L’EDITORIALE – I PRIVILEGI DELL’UOMO BIANCO… MA QUALI, ESATTAMENTE?
“Ripetete una bugia cento, mille, un milione di volte e diventerà una verità”. Conosciamo tutti questa citazione attribuita al Ministro della Propaganda nazista e non è difficile convenire sul fatto che contenga in sé una grande verità. Lo constatiamo ogni giorno. Basta vedere quanta gente crede a certe baggianate, come l’idea che gli italiani abbiano vissuto per decenni al di sopra delle proprie possibilità. È oscuro quali fossero queste e quando il limite sia stato superato, ma tale massima resta comunque la più gettonata tra i pensionati, al bar, per riprendere i giovani sfaccendati che bevono spritz.
Cionondimeno, una mente dotata di almeno un vago senso critico, al cospetto di una dichiarazione forte, come ad esempio “tutti i bianchi sono dei privilegiati”, non può fare a meno di guardarsi intorno e domandarsi se questa rispecchi la realtà o cerchi di imporre una visione colpevolizzante su una certa categoria. Dunque, facciamolo: volgiamo lo sguardo intorno a noi alla ricerca di tali privilegi.
Ieri, tanto per non allontanarci troppo, sono andato in un bar vicino a casa e lì mi ha raggiunto un amico, un ragazzo sui trentacinque che chiameremo P. Questo è un disoccupato cronico, laureato anche lui in Filosofia. O meglio, secondo il sistema di calcolo dei disoccupati, tecnicamente non lo è. Ogni tanto, su internet, vende per conto terzi qualche oggetto, soprattutto ricambi per macchine, e all’occorrenza fa qualche giornata, al nero, da muratore.
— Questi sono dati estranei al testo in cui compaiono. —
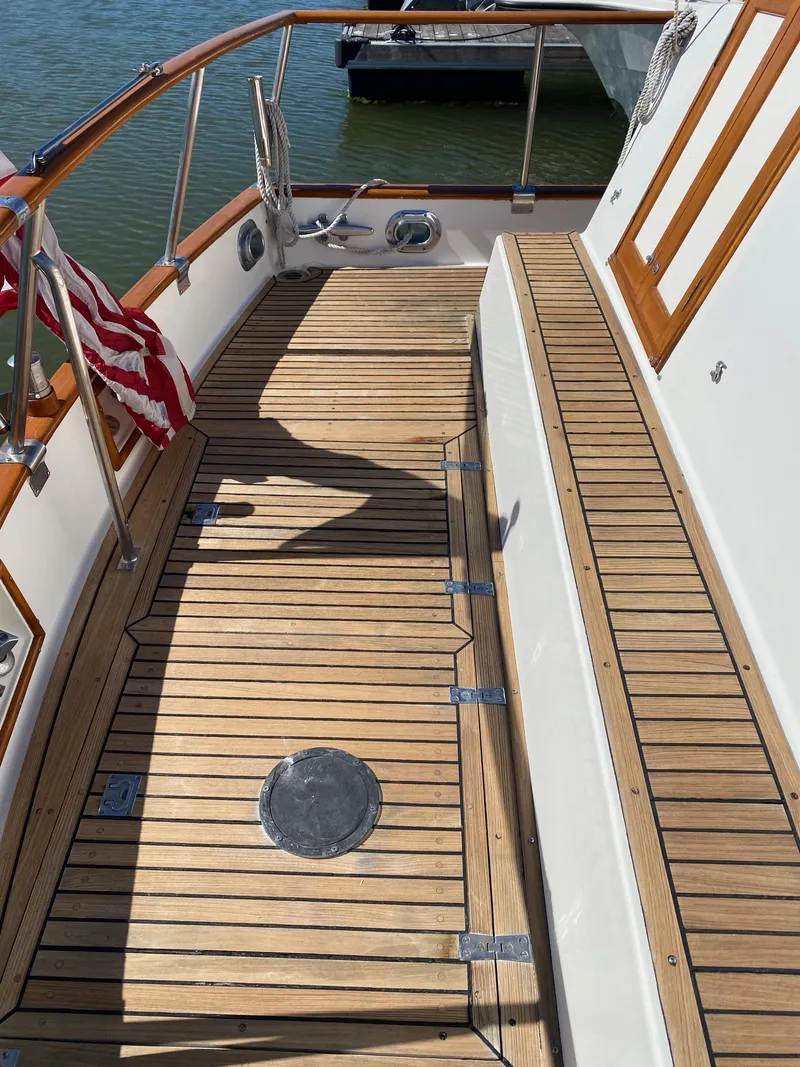 Slide: The Image of 1997 Grand Banks Classic yacht with teak deck and American flag. - 43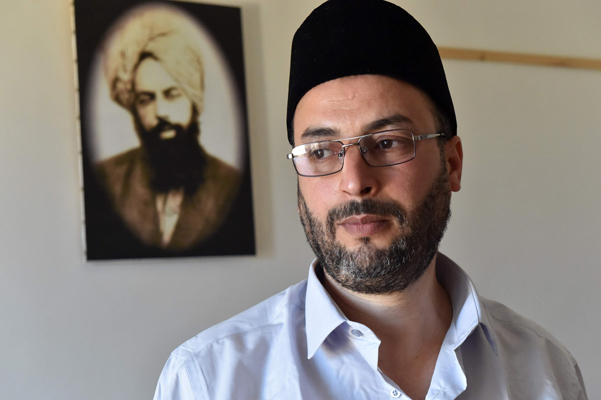 Mohamed Fali, the head of Algeria's Ahmadi religious community, poses in front of a photo of the movement's founder Mirza Ghulam Ahmad, in the capital Algiers, on June 24 (AFP photo)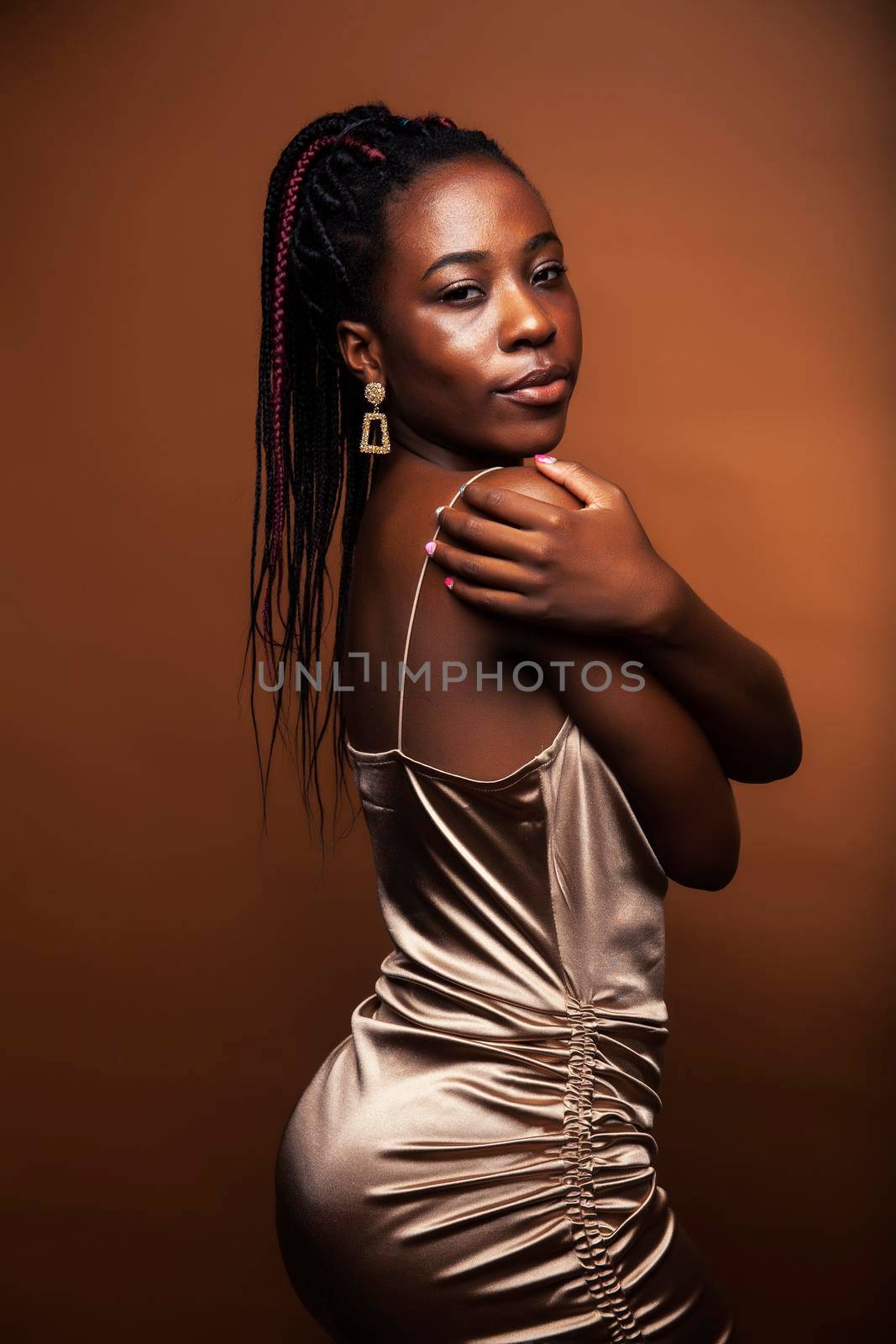 pretty young african american woman posing cheerful gesturing on brown background, lifestyle people concept closeup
Mi ha detto che, quando proprio i suoi introiti sono alti, incassa 400 euro. Con lui, infatti, ci vediamo una volta ogni morte di Papa perché, abitando in un paese limitrofo, spesso non ha i soldi per la benzina. A uno sguardo esterno, P. conserva comunque una sua dignità. Veste con straccetti da 10 euro, ma li sa portare ed essendo un bel ragazzo maschera bene. A ogni modo, eravamo lì seduti, al bancone, con due birre davanti – 5 euro di conto. Lo vedevo nervoso. Beh, è comprensibile: non ha un lavoro e vive con la madre e la sorella – badante la prima, estetista al nero la seconda. Insomma, non era neanche arrivato che già se ne voleva andare. La verità è che aveva fame. Avendo passato tutto il pomeriggio in città, non aveva ancora cenato alle ventidue. Direte voi, ma perché non si è preso qualcosa? Semplice, non aveva i soldi, perché aveva speso tutto in benzina. Per farla breve, gli ho dovuto offrire una pizza. Altri 5 euro – parlare con un amico ti costa, mica è gratis.
Lo so cosa state pensando: e quindi? Tutto sto pistolotto per dimostrare cosa? Niente, se non per indurre il lettore a domandarsi: quanti P. conosco? Io sono convinto siano più di quanti possiate credere.
E naturalmente – siccome cane sta con cane –, l’abbiamo finita a parlare con il ragazzo che ci serviva da dietro il bancone. Aveva più o meno la nostra età e, da diplomato, non aveva trovato niente di meglio di quel lavoro da poco più di 1000 euro. La sua fidanzata non ha neanche quello. Lui è occupato ogni giorno dalle 16, spesso fino alle 2, 3, addirittura 4 del mattino. Ci ha detto: “Ok, per il momento mi va ancora bene, ma tra 10 anni?”. Tra dieci anni, ho pensato io, ce la pigliamo in culo tutti e tre.
Continuerei volentieri, perché di storie simili ne ho per scrivere dieci romanzi – uno in merito al mondo dei cosiddetti “scoraggiati”, del resto, l’ho già pubblicato –, ma preferisco non insistere. Chi non vuole essere convinto neppure dalla realtà, non lo sarà mai – è una causa persa. Chi non vede quanto ci siamo impoveriti tutti, chi non nota l’ex classe media in coda alle casse dei discount, o è scemo o è in malafede. Mi ricorda quella mia amica di sinistra che, mentre faceva il Servizio Civile – 400 euro al mese –, continuava a ripetermi che il lavoro c’è, se uno ha voglia di fare. A quel punto, prendendola a viva forza, la portai in giro per ristoranti, tutto il pomeriggio, a chiedere un posto da cameriere. Nessuno volle neppure prendere in considerazione la nostra candidatura. Niente, la mia amica continuò a sostenere che il problema principale, in Italia, è l’accoglienza ai migranti. Non la chiamai più, perché d’accordo che siamo vittime della propaganda, ma se neppure quando sbatti sul muro te ne rendi conto, vuol dire che sei proprio un povero stronzo.